Rapid urbanization in South Asia is creating an increasing strain on overburdened infrastructure, as well as more demand on limited public services. In Sri Lanka, Bangladesh, Nepal, and India, these trends are acutely noticeable as urban population growth rates exceed total growth in each country. An enormous potential exists to improve existing municipal solid waste management operations with improved organic waste components and to provide positive economic and environmental benefits, including alternative energy sources and increased revenue generation from carbon co-financing through the Clean Development Mechanism. Organic waste management, therefore, is a key sub-sector of municipal waste management which deserves more attention
A small handful of entrepreneurs have demonstrated that organic waste can be treated through tested technologies and converted to marketable organic fertilizers through a process that reduces carbon emission. A number of economic and environmental benefits are quite obvious from composting. However, the process of reducing organic waste into organic fertilizers while simultaneously reducing carbon emission and tapping CDM need high degree of efficiencies, technology application, and business orientation. Organic waste recycling and treatment in the region have mixed results of both failure and success.
In this backdrop a regional workshop entitled `Innovations for Scaling up Organic Waste Management in South Asia’ was organized by the Asian Development Bank with the assistance from AusAid of Australian Government in Dhaka. More than 80 nos. of senior officials representing government, private sector, NGOs, research bodies and universities from Nepal, India, Sri Lanka, USA, Australia and Bangladesh participated in this two-day workshop.
During the inaugural session Mr. Thevakumar Kandiah, Country Director, Bangladesh Resident Mission of ADB gave his welcome and opening remarks. Mr. Ron Slanger, Urban Development Specialist, Team Leader, RETA 6337, ADB, Manaila, Philippines gave his opening remarks. Mr. Monowar Islam, Director General of the Department of Environment (DoE), Government of Bangladesh, as a special guest gave his opening speech.
After the tea break in the session on Country Overview and International Experience in Organic Waste Management a number of country overview papers were presented by the country consultants under the RETA 6337 project of ADB. Dr. Muhammad Alamgir, Khulna University of Engineering and Technology as a country consultant from Bangladesh gave a brief introduction about the workshop and also introduced the participants. After the tea break country reports were presented by Dr. Muhammad Alamgir (Bangladesh), Dr. N. B. Majumdar, Senior Technical Advisor of Waste Management Division, IL&FS (India), Mr. Bhusan Tuladhar, Executive Director, Environment and Public Health Organization (Nepal), Mr. R.P. Samarakkody, Director of Waste Management (Authority Province), (Sri Lanka) and the closing remarks were given by the chair of the session Mr. Iftekhar Enayetullah of Waste Concern.The second session was on `Thematic Focus: Innovations in Scaling Up Organic Waste Management and this session was chaired by Mr. Angus Campbell, Director, Recycled Organics Unit (Sydney, Australia).
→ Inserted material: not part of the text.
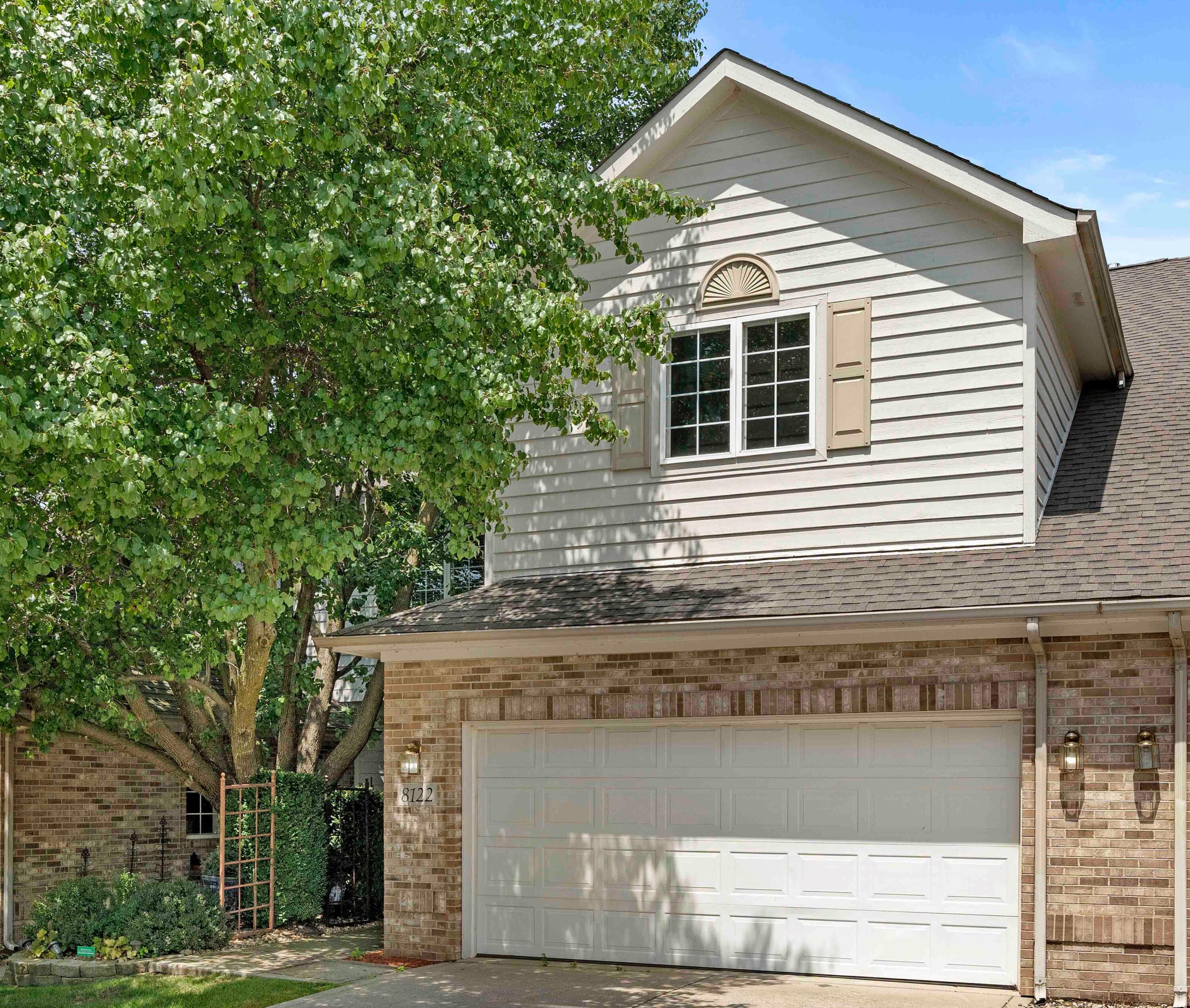 View Crown Point, IN 46307 townhome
A number of papers were presented by the experts on topics related to current trends of organic waste management in South Asia, policy & regulatory models in organic waste management, economic & financial issues for scaling up composting operations and carbon financing in waste management. Finally after the presentation of the country level priority on waste management by the respective countries a plenary session waste conducted on the topic entitled `Scaling up of Innovations in Organic Waste Management in South Asia: Opportunities and Challenges. This session was chaired by Professor Dr. Mujibur Rahman of Bangladesh University of Engineering and Technology (BUET).
On the second day a field visit was organized to have first hand experience on composting and carbon trading. Participants visited the Waste Concern’s Regional Training Centre cum a 10 ton per day capacity compost plant located at Katchpur (20 km from Dhaka city centre) and also visited the world’s first carbon trading compost plant (130 tons per ay capacity) locate at Bulta (30 km from Dhaka city centre a joint venture initiative of Waste Concern and its Dutch partners.